After a lunch break, proceedings resumed with ‘Parliament in Action’, a panel designed to consider how parliamentary politics functioned during the revolutionary years. Dr David Scott (History of Parliament) made a powerful case for seeing the 1640s as a time of bicameral party politics. He argued that throughout the decade the Lords were divided into factions. Parties coordinated activities with their allies in the Commons and individual peers were willing to subsume their personal interests for the party good. Addressing the lower House, Dr Rebecca Warren (University of Kent) gave a practical example of how parliamentary business took place through the example of local propagation schemes. In addition to making an important point about the necessity of considering propagation beyond the best-known schemes, such as the 1650 propagation act for Wales, Dr Warren demonstrated both how proceedings at Westminster could be influenced by localities with sympathetic allies in government and the importance of historians attending to the relationship between local and national concerns. Both Dr Warren and Dr Scott’s papers predominantly considered the 1640s. Professor John Morrill (University of Cambridge) took matters into the 1650s by considering Oliver Cromwell’s relationship with Parliament. In a thoughtful piece which conversed with Hugh Trevor-Roper’s influential piece on the same topic while also moving away from it, Professor Morrill explored the lord protector using four case studies which brought out intriguing angles on the issue, such as the phalanx of Cromwell’s relations sitting in the Protectorate Parliaments.

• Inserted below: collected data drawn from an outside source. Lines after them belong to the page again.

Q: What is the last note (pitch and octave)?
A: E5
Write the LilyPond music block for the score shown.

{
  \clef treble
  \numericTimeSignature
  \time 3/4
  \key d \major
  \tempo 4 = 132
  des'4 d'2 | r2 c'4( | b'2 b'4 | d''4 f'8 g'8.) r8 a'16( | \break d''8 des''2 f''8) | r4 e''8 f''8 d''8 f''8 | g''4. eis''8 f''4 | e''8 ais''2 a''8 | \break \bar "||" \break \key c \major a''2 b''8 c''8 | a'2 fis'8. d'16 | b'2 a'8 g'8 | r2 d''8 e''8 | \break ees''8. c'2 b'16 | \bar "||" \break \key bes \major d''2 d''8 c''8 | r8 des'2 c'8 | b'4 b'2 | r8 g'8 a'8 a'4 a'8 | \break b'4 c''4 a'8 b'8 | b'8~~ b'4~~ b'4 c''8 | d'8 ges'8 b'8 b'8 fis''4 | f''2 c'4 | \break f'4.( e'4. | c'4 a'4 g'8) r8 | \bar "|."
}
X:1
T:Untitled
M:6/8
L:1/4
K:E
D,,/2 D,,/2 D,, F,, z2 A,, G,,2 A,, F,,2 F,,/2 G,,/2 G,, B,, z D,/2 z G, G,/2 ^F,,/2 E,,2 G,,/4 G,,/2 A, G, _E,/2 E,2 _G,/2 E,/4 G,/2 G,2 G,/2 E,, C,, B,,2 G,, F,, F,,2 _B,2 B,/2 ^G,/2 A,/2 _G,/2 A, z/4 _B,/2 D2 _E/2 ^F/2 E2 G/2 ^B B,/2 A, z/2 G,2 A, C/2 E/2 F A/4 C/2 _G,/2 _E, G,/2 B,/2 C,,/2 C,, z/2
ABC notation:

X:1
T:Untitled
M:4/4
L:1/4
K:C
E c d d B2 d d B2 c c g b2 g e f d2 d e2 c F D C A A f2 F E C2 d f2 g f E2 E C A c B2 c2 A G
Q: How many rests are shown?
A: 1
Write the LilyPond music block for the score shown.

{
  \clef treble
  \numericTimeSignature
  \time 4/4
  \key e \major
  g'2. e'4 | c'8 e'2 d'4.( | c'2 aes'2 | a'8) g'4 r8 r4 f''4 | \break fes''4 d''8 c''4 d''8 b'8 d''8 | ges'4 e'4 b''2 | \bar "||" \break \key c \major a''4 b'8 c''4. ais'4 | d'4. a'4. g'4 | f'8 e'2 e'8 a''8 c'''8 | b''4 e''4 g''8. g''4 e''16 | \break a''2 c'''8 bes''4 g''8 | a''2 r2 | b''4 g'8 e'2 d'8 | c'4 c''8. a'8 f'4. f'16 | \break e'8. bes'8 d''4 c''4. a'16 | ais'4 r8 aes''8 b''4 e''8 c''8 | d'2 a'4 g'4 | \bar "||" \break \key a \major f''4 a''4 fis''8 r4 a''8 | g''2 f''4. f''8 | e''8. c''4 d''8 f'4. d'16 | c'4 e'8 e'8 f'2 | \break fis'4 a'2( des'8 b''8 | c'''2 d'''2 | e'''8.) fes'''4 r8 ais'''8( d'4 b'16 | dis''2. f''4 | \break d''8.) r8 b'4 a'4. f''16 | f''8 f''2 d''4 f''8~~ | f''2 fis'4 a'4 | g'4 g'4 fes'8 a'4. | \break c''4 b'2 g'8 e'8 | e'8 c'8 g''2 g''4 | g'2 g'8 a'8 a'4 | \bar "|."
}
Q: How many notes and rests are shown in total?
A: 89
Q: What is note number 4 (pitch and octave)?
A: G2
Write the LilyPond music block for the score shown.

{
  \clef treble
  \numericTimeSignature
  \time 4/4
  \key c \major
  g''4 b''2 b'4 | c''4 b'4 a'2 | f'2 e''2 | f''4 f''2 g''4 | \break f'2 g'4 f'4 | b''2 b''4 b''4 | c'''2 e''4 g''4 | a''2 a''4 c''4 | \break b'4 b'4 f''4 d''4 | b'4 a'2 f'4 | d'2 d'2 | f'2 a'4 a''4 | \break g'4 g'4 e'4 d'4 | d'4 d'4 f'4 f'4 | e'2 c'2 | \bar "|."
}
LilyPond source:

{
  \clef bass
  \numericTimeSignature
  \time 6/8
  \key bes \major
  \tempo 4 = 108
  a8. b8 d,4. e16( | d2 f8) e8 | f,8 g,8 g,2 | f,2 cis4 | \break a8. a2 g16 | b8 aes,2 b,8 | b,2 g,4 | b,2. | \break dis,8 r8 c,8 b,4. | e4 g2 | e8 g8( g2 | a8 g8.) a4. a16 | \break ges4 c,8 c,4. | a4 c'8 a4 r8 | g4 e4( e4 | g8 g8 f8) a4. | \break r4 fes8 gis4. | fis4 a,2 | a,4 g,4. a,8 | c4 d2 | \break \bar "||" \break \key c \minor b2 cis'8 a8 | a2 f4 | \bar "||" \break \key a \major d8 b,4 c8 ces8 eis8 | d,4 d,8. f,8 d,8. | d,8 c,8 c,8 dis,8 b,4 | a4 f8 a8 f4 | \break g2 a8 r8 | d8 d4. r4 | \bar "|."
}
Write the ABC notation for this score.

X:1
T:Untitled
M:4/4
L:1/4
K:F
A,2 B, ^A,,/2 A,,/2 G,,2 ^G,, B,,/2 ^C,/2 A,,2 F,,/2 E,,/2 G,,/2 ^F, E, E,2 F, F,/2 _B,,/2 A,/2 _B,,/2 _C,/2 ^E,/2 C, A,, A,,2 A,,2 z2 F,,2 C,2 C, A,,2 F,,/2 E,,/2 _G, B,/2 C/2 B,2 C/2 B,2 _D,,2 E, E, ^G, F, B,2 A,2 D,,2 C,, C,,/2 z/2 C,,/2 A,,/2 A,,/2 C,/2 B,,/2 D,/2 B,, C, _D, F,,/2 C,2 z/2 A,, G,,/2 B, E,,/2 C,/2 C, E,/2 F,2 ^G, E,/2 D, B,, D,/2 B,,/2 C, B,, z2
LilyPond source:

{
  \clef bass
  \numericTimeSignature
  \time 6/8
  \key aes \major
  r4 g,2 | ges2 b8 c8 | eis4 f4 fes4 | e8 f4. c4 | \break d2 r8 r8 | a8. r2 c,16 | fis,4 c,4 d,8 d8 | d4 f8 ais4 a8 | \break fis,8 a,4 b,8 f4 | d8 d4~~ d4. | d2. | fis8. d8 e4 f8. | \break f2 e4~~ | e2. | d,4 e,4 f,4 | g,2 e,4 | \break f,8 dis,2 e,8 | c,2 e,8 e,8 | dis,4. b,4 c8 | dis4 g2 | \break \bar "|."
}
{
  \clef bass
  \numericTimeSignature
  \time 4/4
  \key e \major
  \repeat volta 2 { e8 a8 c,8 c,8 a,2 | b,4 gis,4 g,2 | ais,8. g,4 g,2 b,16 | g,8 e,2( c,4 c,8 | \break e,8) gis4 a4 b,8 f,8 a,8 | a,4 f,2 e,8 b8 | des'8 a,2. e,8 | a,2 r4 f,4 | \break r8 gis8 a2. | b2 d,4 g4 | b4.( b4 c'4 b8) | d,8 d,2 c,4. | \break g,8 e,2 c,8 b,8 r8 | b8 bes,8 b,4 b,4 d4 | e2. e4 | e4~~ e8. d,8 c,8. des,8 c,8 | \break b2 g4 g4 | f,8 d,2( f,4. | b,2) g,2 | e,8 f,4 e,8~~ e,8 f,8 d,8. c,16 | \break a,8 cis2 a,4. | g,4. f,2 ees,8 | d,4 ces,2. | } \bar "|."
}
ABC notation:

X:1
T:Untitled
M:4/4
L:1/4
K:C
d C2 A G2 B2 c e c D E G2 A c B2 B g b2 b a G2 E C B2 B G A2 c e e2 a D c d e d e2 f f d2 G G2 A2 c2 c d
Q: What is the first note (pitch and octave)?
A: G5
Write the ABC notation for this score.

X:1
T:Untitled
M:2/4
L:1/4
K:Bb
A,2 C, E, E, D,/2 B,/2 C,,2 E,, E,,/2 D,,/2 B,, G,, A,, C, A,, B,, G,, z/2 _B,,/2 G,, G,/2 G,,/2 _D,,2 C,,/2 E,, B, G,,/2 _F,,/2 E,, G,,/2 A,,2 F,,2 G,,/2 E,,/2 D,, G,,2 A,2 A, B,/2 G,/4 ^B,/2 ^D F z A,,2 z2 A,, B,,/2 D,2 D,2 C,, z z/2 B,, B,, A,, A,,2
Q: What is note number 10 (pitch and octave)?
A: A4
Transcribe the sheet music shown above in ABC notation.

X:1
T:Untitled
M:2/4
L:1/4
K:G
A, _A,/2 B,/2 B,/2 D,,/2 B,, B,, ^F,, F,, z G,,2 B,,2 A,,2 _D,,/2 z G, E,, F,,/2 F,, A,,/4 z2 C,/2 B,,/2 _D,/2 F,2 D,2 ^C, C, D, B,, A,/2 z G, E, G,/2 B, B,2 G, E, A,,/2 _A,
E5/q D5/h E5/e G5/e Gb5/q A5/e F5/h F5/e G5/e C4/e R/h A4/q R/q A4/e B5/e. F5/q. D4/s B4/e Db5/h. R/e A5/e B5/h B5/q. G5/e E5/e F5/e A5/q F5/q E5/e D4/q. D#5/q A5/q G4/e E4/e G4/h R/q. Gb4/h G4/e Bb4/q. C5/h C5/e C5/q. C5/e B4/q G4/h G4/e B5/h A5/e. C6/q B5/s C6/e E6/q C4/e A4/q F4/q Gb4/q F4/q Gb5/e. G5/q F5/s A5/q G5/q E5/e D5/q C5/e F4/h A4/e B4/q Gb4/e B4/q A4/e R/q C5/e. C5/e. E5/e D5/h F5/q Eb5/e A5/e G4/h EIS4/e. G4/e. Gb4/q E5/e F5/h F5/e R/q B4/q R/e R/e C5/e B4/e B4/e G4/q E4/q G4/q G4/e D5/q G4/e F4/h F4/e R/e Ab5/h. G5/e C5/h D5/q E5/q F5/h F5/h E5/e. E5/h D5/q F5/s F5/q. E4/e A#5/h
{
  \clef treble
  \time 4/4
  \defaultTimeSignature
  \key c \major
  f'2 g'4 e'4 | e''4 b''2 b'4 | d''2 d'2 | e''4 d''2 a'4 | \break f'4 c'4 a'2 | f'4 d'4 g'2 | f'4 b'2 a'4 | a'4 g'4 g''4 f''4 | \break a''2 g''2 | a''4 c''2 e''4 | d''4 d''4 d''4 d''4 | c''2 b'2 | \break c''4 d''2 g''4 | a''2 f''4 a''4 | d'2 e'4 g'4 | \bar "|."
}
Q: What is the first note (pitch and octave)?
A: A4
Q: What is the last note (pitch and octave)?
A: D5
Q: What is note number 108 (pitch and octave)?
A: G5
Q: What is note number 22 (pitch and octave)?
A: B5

As with the first panel, there was a lively question and answer session which continued into the afternoon break for tea and cake. After this came the final panel of the day on ‘Parliament Beyond England’. The three panellists each offered papers on how those outside England understood the Westminster Parliament and interacted with it. Dr Karie Schultz (University of St Andrews) showed how Scottish understandings of Parliament were sui generis and differed from their English neighbours. These differences ensured that Anglo-Scottish interactions were often fraught and much was lost in translation. A similarly tense dynamic between different countries was delineated by Dr Lloyd Bowen (Cardiff University). Dr Bowen used his paper to consider the parliamentary reconquest of north Wales and showed that the various campaigns were influenced by Walian concerns, but were also closely linked to ongoing factional politics at Westminster. Dr Patrick Little (History of Parliament) demonstrated the existence of a similar interplay between local and national politics when discussing the Irish Protestant Agents sent across the Irish sea in 1644. These commissioners endured a generally fruitless sojourn in England. Going first to the king at Oxford they were largely treated as unwanted guests by a camp hoping to utilise Irish Catholic forces in England. Moving onto Westminster they found a more sympathetic audience but one riven by factional bickering which stalled their business.

Formal proceedings ended in the early evening. Taken together, the various papers offered a rich contribution to understandings of the seventeenth-century Parliament and the great changes and unexpected continuities which were evident at Westminster during the British Civil Wars. As the lively discussions during the day evidenced, there is still plenty to discover and debate about Parliament and the crisis of those critical decades.

AB

The colloquium on ‘Parliament and Revolutionary Britain’ was held on 27 April 2024 at the History of Parliament’s office in Bloomsbury Square. The History would like to thank Dr Alexandra Gajda (University of Oxford), Dr Andrew Barclay (History of Parliament), and Professor Laura Stewart (University of York) for chairing panels on the day and the invited audience for their contributions.

One thought on “Crisis? What Crisis? Parliament and Revolutionary Britain

  1. Is it possible to obtain copies of these papers? As an American, I could not attend the conference. But I love the Stuart century and would be deeply appreciative of this accommodation. Please.